Scientific classification
- Kingdom: Animalia
- Phylum: Chordata
- Class: Aves
- Order: Passeriformes
- Family: Tyrannidae
- Genus: Leptopogon
- Species: L. taczanowskii
- Binomial name: Leptopogon taczanowskii Hellmayr, 1917

= Inca flycatcher =

- Genus: Leptopogon
- Species: taczanowskii
- Authority: Hellmayr, 1917
- Conservation status: LC

Species of bird

The Inca flycatcher (Leptopogon taczanowskii) is a species of bird in the family Tyrannidae, the tyrant flycatchers. It is endemic to Peru.

==Taxonomy and systematics==

The Inca flycatcher was originally described in 1884 as Leptopogon rufipectus. Due to a conflict of this binomial with that of what is now the rufous-breasted flycatcher, by the principle of priority it was renamed Leptopogon taczanowskii in 1917.

The Inca flycatcher is monotypic. It and the rufous-breasted flycatcher (L. rufipectus) are sister species and may form a superspecies.

==Description==

The Inca flycatcher is 12 to 13.5 cm long; two individuals weighed 11.5 g and a third 13 g. The sexes have the same plumage. Adults have a dark olive or brownish olive crown. Their face is mostly mottled blackish and whitish with a thin whitish eye-ring. Their back and rump are olive green. Their wings are dusky with olivaceous edges on the flight feathers. Their wing coverts are dusky with ochraceous tips that show as two wing bars. Their tail is warm dusky olive. Their chin and upper throat are grayish, their lower throat and breast are tawny, and their belly is pale olive yellow. They have a dark brown iris, a black bill, and dark gray legs and feet. Juveniles have wider and more rufous edges on their flight feathers than adults.

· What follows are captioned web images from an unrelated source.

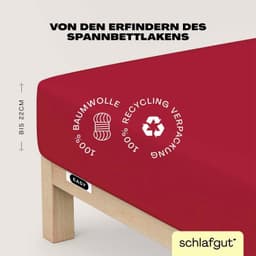 Schlafgut Spannbettlaken EASY JERSEY | Rot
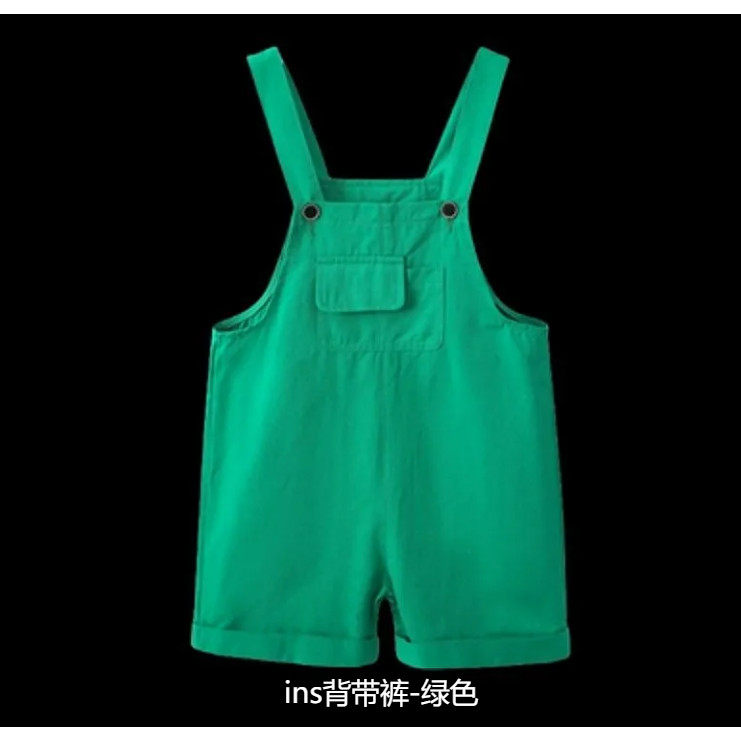 Yếm jean bé gái Bộ đồ màu mùa hè cho bé trai/bé gái: 3-10 tuổi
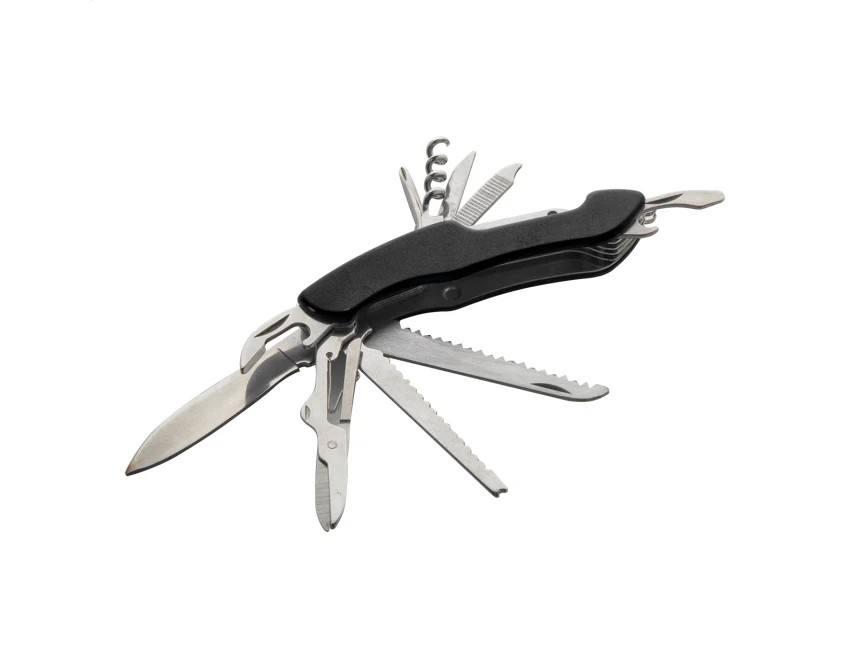 Scyzoryk z logo Breithorn czarny aluminiowy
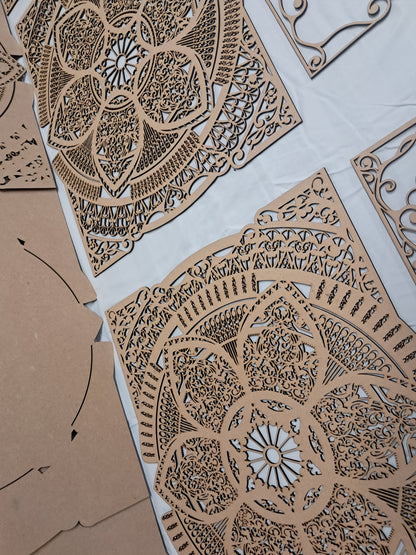 10 Layer, Celestial Bloom - Laser Cut Wall Art "Kit" - Urban Vibe Studio
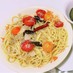 トマトとしらすのペペロンチーノパスタ
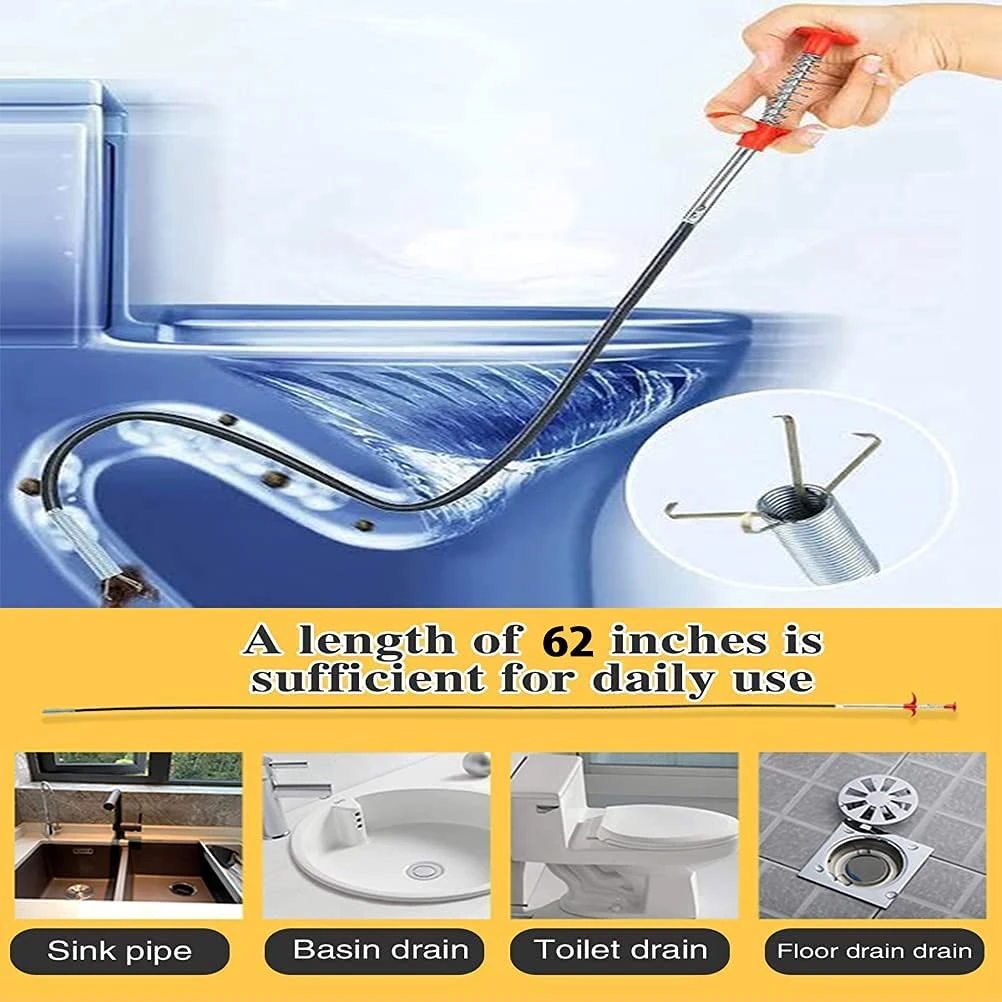 Generic Drain Snake Flexible Pipe Clog Remover Tool - image 5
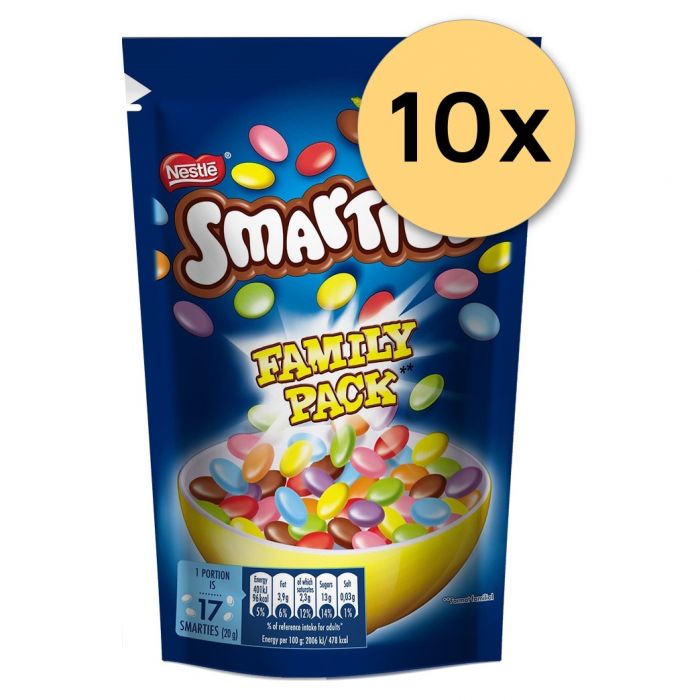 NESTLÉ Smarties Family Pack (10 x 240g)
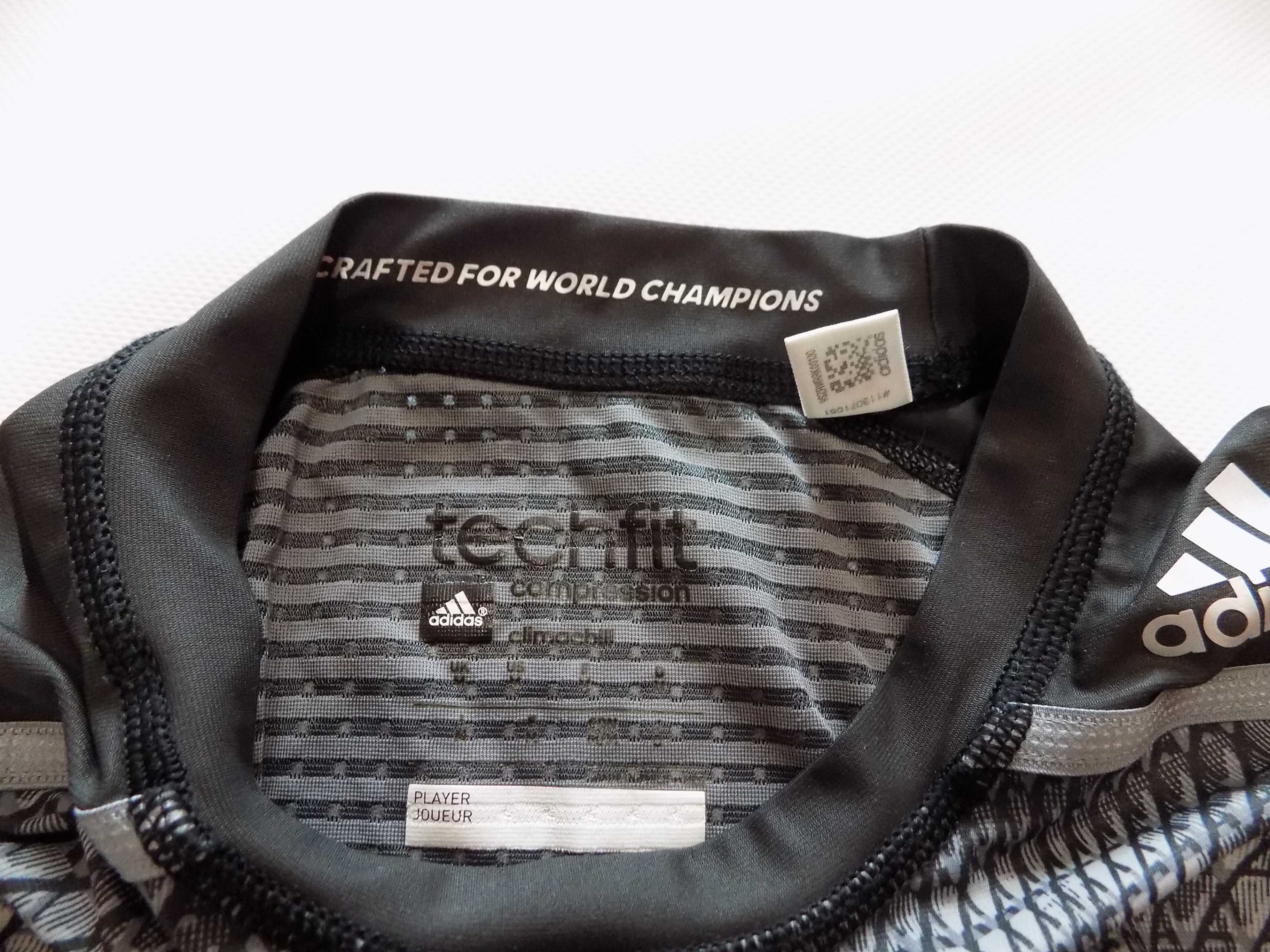 Тениска adidas techfit потник блуза оригинал спорт фитнес крос мъжка М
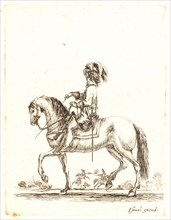Stefano Della Bella (Italian, 1610 - 1664). Cavalier allant au pas vers la gauche, 1642-1645. From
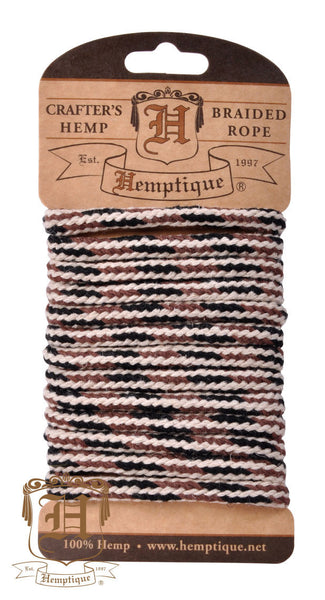 Braided Hemp Rope Card- All Colors - Hemptique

==Distribution and habitat==

The Inca flycatcher is found on the east slope of the Peruvian Andes from the Marañón River south to Cuzco Department. It inhabits the interior and edges of humid montane forest at elevations between 1700 and 2700 m.

==Behavior==
===Movement===

The Inca flycatcher is a year-round resident.

===Feeding===

The Inca flycatcher's diet has not been detailed but is known to be mostly arthropods and also include small fruits. It forages from the forest's understory into its middle level, usually within 3 m of the ground. It sits erect on a perch and mostly hover-gleans or snatches fruit and insects from leaves in short sallies from it. It typically forages singly or in pairs and often joins mixed-species feeding flocks.

===Breeding===

Nothing is known about the Inca flycatcher's breeding biology.

===Vocalization===

The Inca flycatcher's song is "a squeaky skleew-di-wurdee?" and its calls "a series of 1–5 skleew...and sharp pik notes".

==Status==

The IUCN originally in 2004 assessed the Inca flycatcher as being of Least Concern, then in 2012 as Near Threatened, and then in January 2023 again as of Least Concern. It has a large range; its estimated population of between 20,000 and 50,000 mature individuals is believed to be decreasing. "Due to its reliance on forest understory, it is susceptible to the loss, degradation and fragmentation of montane forests within the range. Deforestation is driven by forest conversion for cultivation and pasture; however overall the rate of tree cover loss is currently very low and vast areas of pristine forests remain." It is considered fairly common.